The Train to The Clouds (Video)

The Train to the clouds

The Train to the clouds or “Tren a Las Nubes” as it is known in Spanish is one of the highest railways in the world. It is a testement of the Argentina of days gone past when the country was more open to outside help. The rail way was designed by the Engineer Maury and the parts and materials came from England and France.

The train now only runs a short distance between the town of San antonio de los Cobres and its iconic bridge the Pollvorillo.

We offer tours up to the station from which the train leaves as well as a number of different tours that can be combined with the train ride.

“The possibility of a railway in the area began to be explored as early as 1889, and numerous studies were carried out up until 1916 analysing the feasibility of the line given the steep gradients and harsh terrain. Construction of the railway officially started in 1921, with the intention of connecting the North of Argentina with Chile across the Andes. The La Polvorilla viaduct, the highest of the line, was finished on 7 November 1932.

The route was designed by American engineer Richard Maury,(who later died in Salta) and after whom one of the stations has been named. The complete railway was inaugurated on 20 February 1948, following numerous delays and complications and a 2-year period where work was paralyzed.

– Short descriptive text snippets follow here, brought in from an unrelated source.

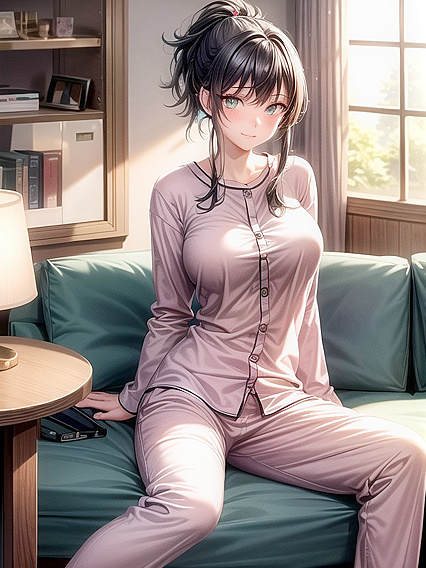 Muscular Man with Pale Skin and Ponytail Dominates in Steamy Hentai Action
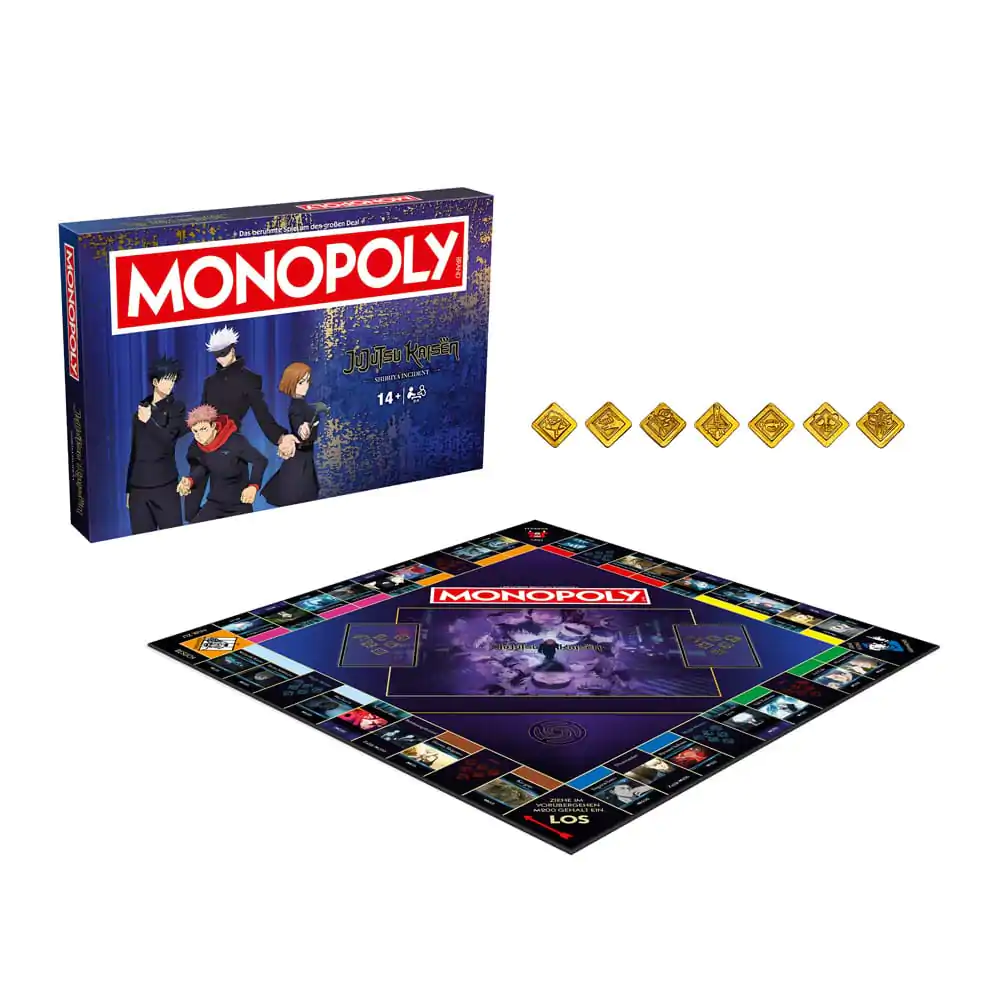 Monopoly joc de societate Jujutsu Kaisen Sezonul 2 Versiunea Germana poza produsului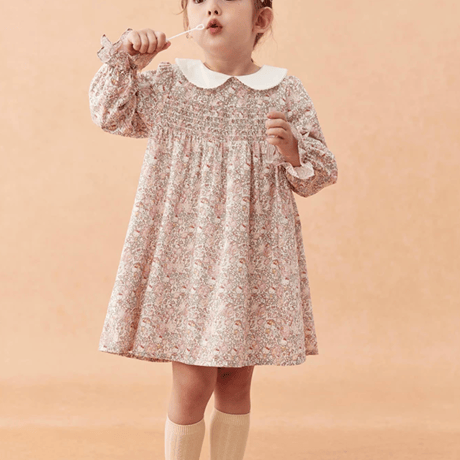 [予約] Petit Garden Smocked Dress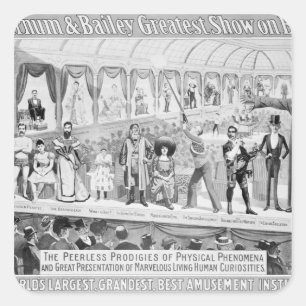 Plakatwerbung: 'The Barnum and Bailey Quadratischer Aufkleber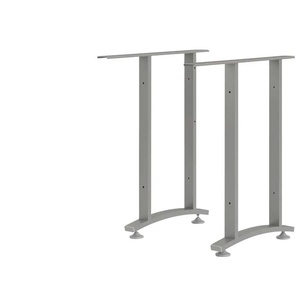 2 Schreibtisch-Eckbeine   Success ¦ grau ¦ Maße (cm): B: 5,6 H: 72 T: 60.0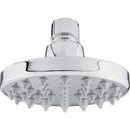 Regadera ducha de plato redonda de 4” sin brazo y chapetón. Cuerpo en acero inoxidable 304 .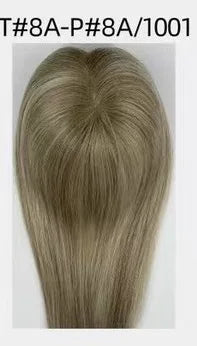 Lillian Toppers Collection Top Quality Cuticle Intact Raw Virgin Human Hair Toppers for Women 100% 5.5in*6in Hand-Tied Hair Topper with Swiss Lace Base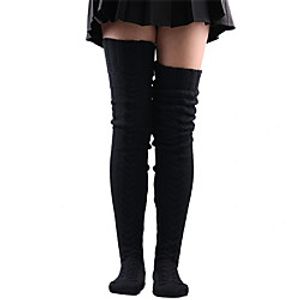 Fashion Comfort Women's Socks Solid Colored Stockings Socks Warm Casual Blushing Pink 1 Pair miniinthebox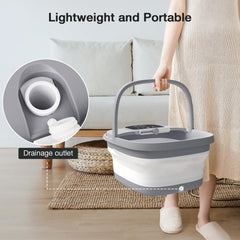 HOSPAN foot spa drainage handle enables safe, easy transfer.
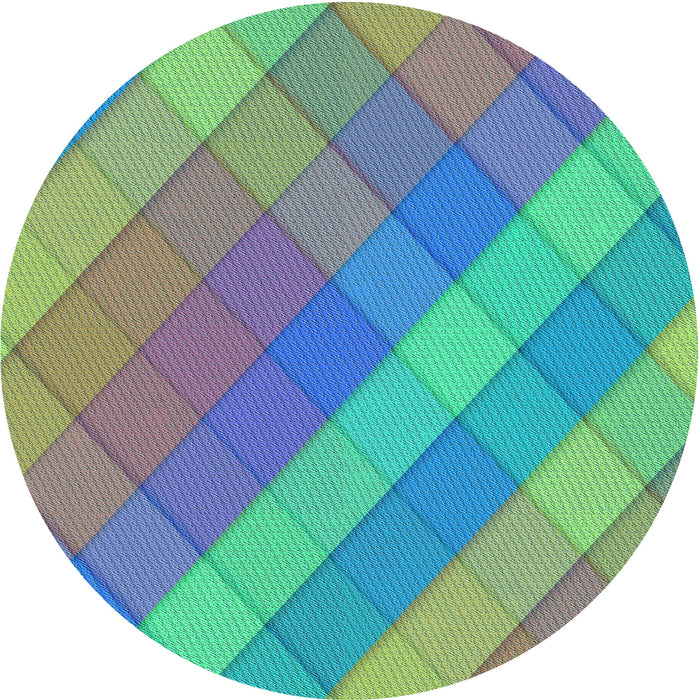 Square Machine Washable Transitional Slate Blue Grey Blue Rug in a Living Room, wshpat1998lblu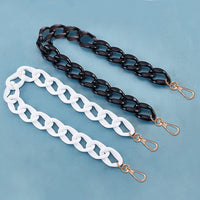 2PCS Resin Purse Chain Handle Acrylic Bag Strap Detachable Purse Clutches Handle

“The line got its name in the early 1960s after students filmed a trip on the Salta-Antofagasta railway from inside the train carriages, often showing the vapor from the then-steam locomotive which – together with the cold mountain air – formed large vapour plumes. The footage was later offered to the Clarín newspaper to make a documentary, which was subsequently called Tren a las Nubes (Train to the Clouds) because of the vapour clouds in the film. Ferrocarriles Argentinos (FA) later adopted the name to make it more appealing to tourists.It was not until 1972 began being officially used by tourists as a heritage railway.”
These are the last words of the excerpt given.